(AVAILABLE RECORDS)
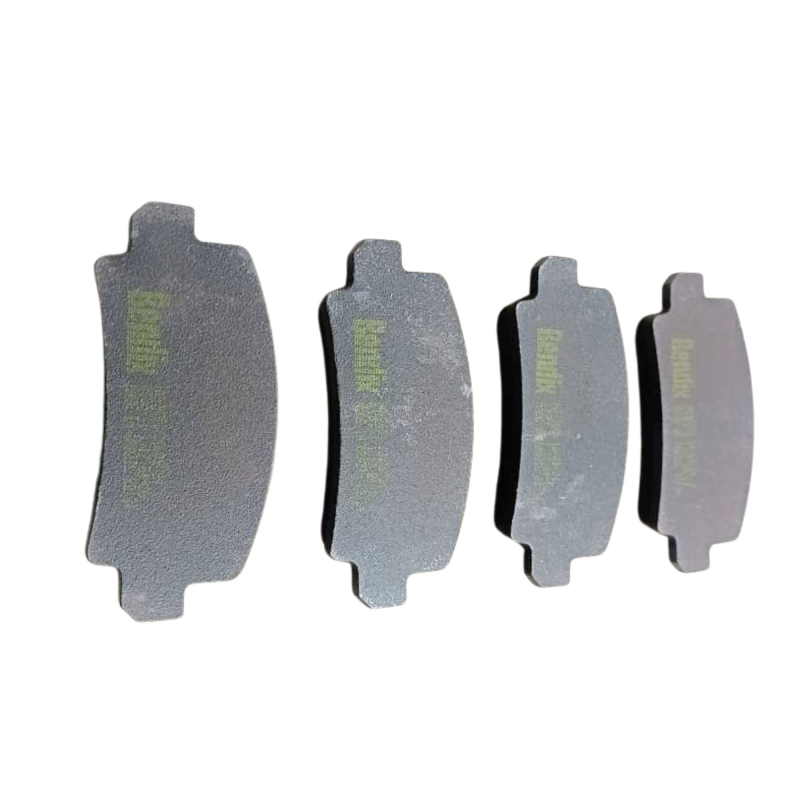 Pastilha Freio Pd10 Bendix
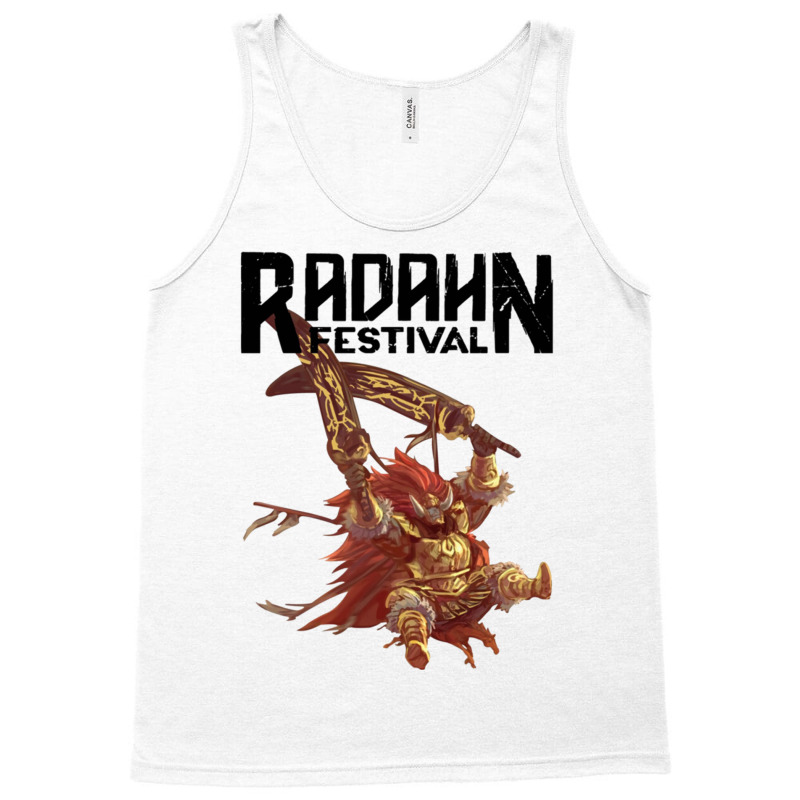 Festival Radahn A Festival Radahn A Festival Radah Tank Top by elmirnaswaa | Artistshot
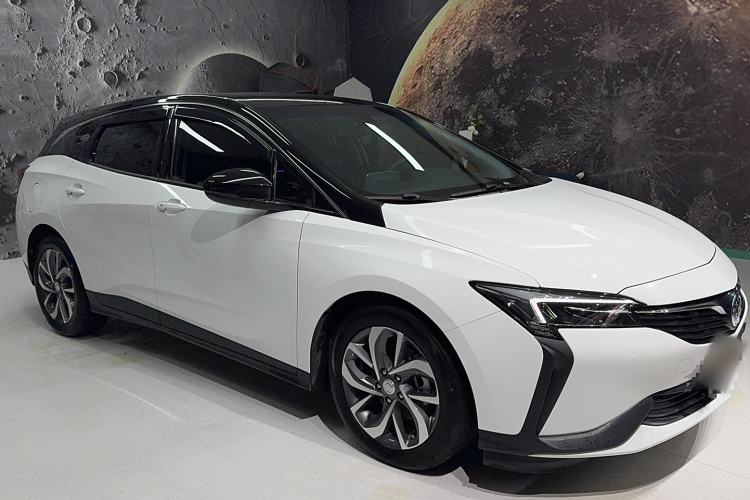 Used Buick Velite 6 2022 Plug-in Hybrid Connected Smart Edition
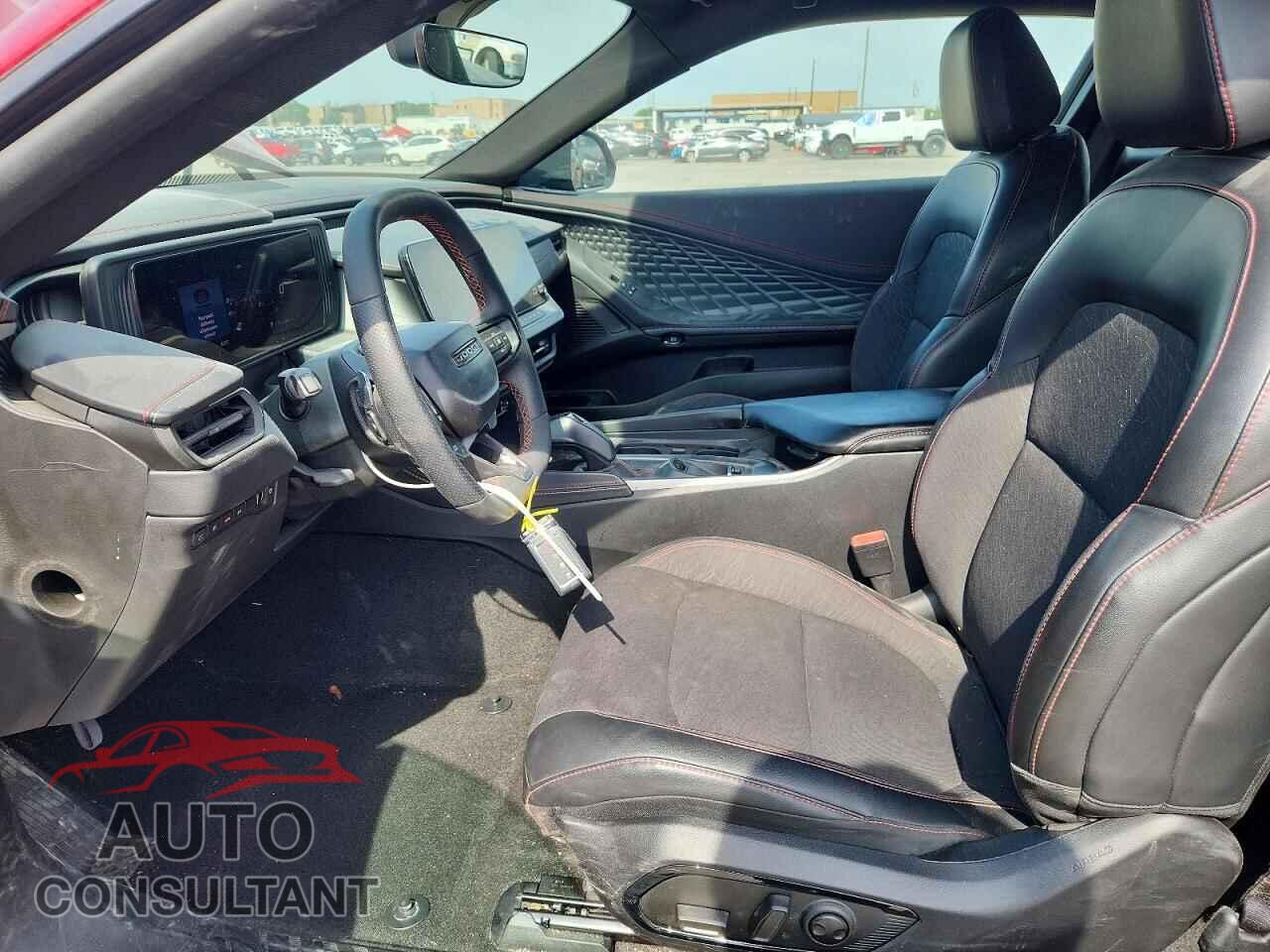 DODGE CHARGER 2025 - 2C3CDBCK1SR536964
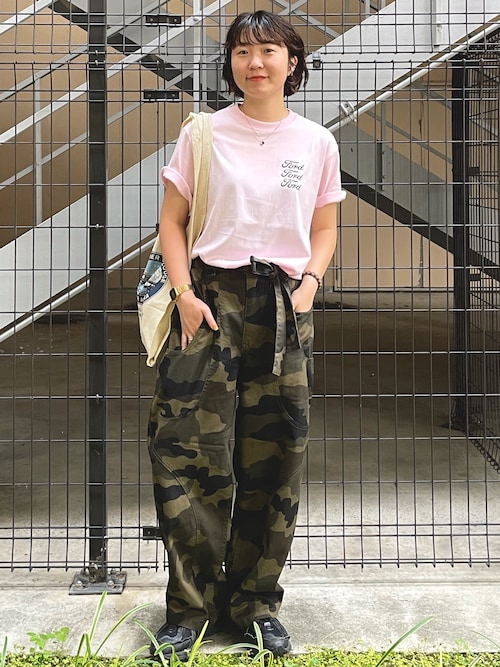 FordロゴTee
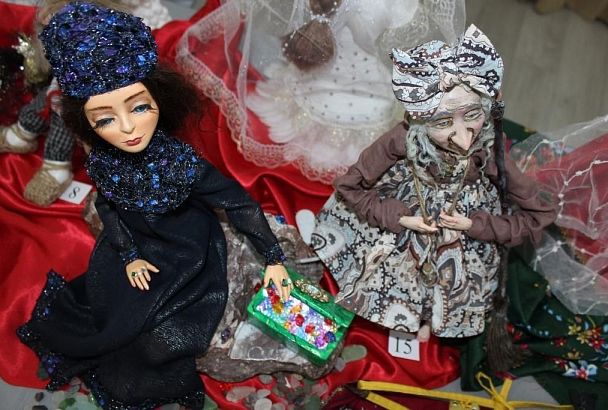 В Анапе открылся Всероссийский фестиваль «Берег кукол»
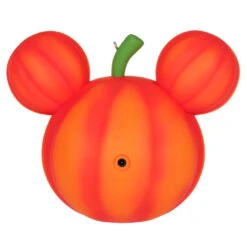 Hallmark Disney Mickey Mouse Mysterious Mickey Jack-o'-Lantern Ornament With Light -Hallmark online Shop Mickey Mouse JackoLantern Keepsake Ornament 2699QFO5347 06
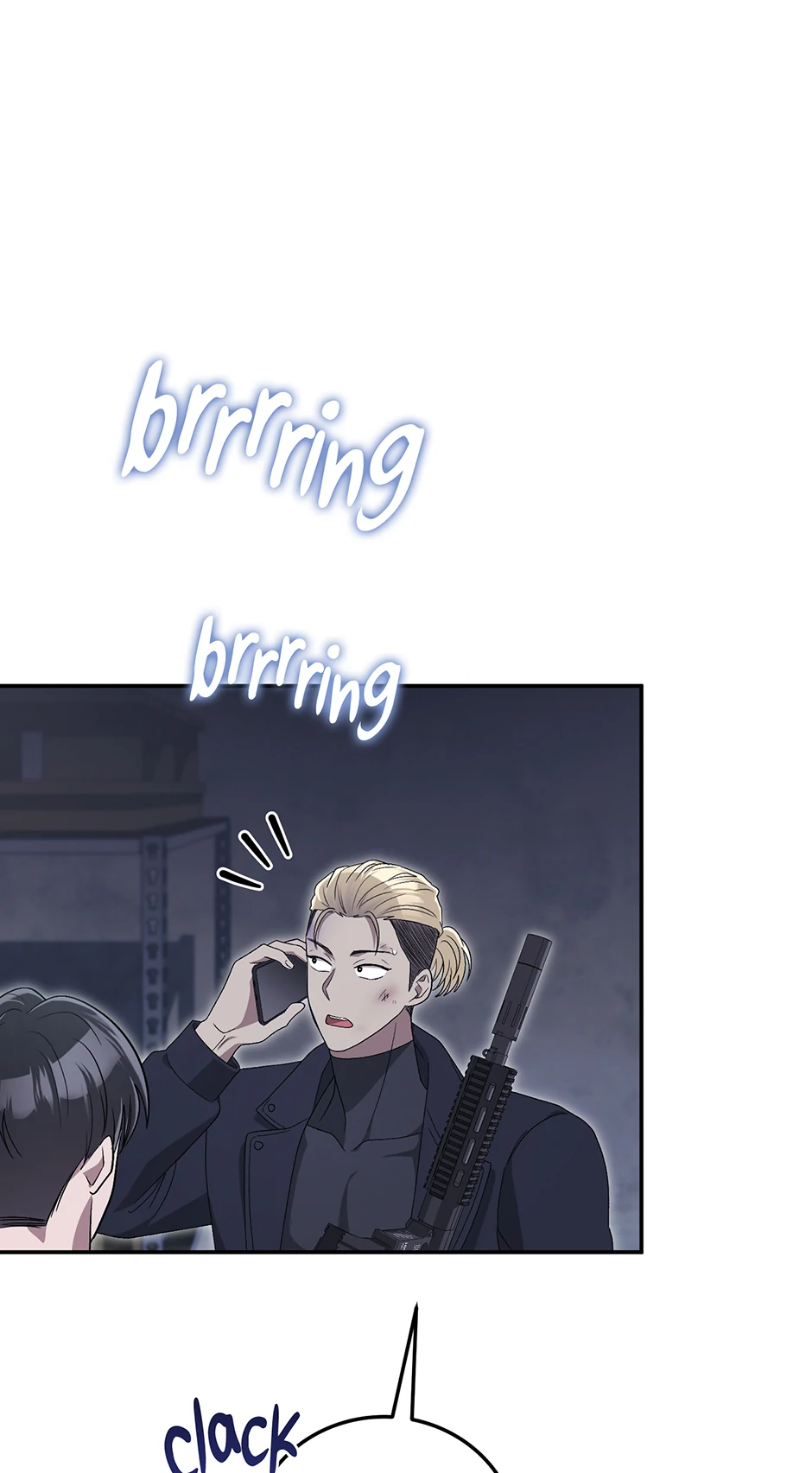 Kitsch Wedding Chapter 21 - page 55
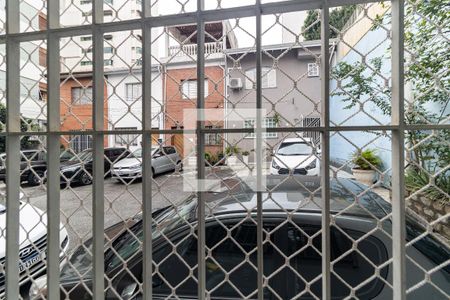 Vista da Sala de casa à venda com 3 quartos, 180m² em Jardim da Glória, São Paulo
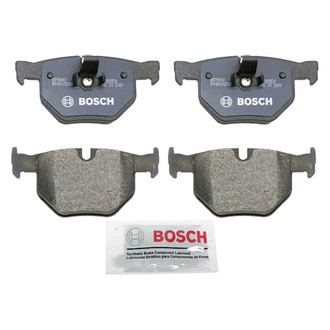 Genuine® - Semi-Metallic Rear Disc Brake Pads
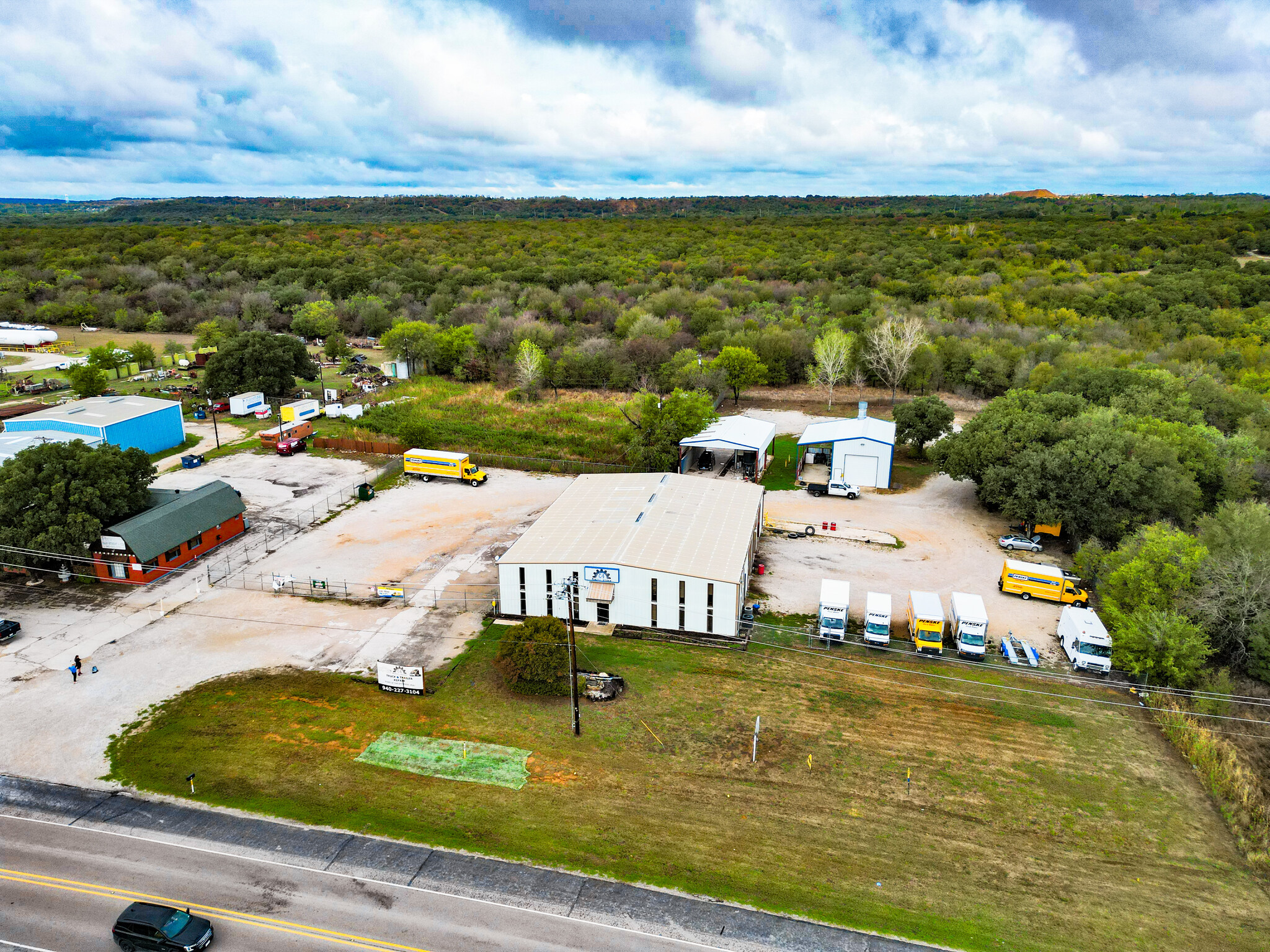 51 US Highway 380, Bridgeport, TX for sale Building Photo- Image 1 of 1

(WORK REQUIRED)
All that is required is the lines from the line containing "Festival Radahn A Festival" through the end of the records above, copied exactly, and none of the pictures.

(SOLUTION TO THIS PROBLEM)
 Festival Radahn A Festival Radahn A Festival Radah Tank Top by elmirnaswaa | Artistshot
 Used Buick Velite 6 2022 Plug-in Hybrid Connected Smart Edition
 DODGE CHARGER 2025 - 2C3CDBCK1SR536964
 FordロゴTee
 В Анапе открылся Всероссийский фестиваль «Берег кукол»
 Hallmark Disney Mickey Mouse Mysterious Mickey Jack-o'-Lantern Ornament With Light -Hallmark online Shop Mickey Mouse JackoLantern Keepsake Ornament 2699QFO5347 06
 Kitsch Wedding Chapter 21 - page 55
 Vista da Sala de casa à venda com 3 quartos, 180m² em Jardim da Glória, São Paulo
 Genuine® - Semi-Metallic Rear Disc Brake Pads
 51 US Highway 380, Bridgeport, TX for sale Building Photo- Image 1 of 1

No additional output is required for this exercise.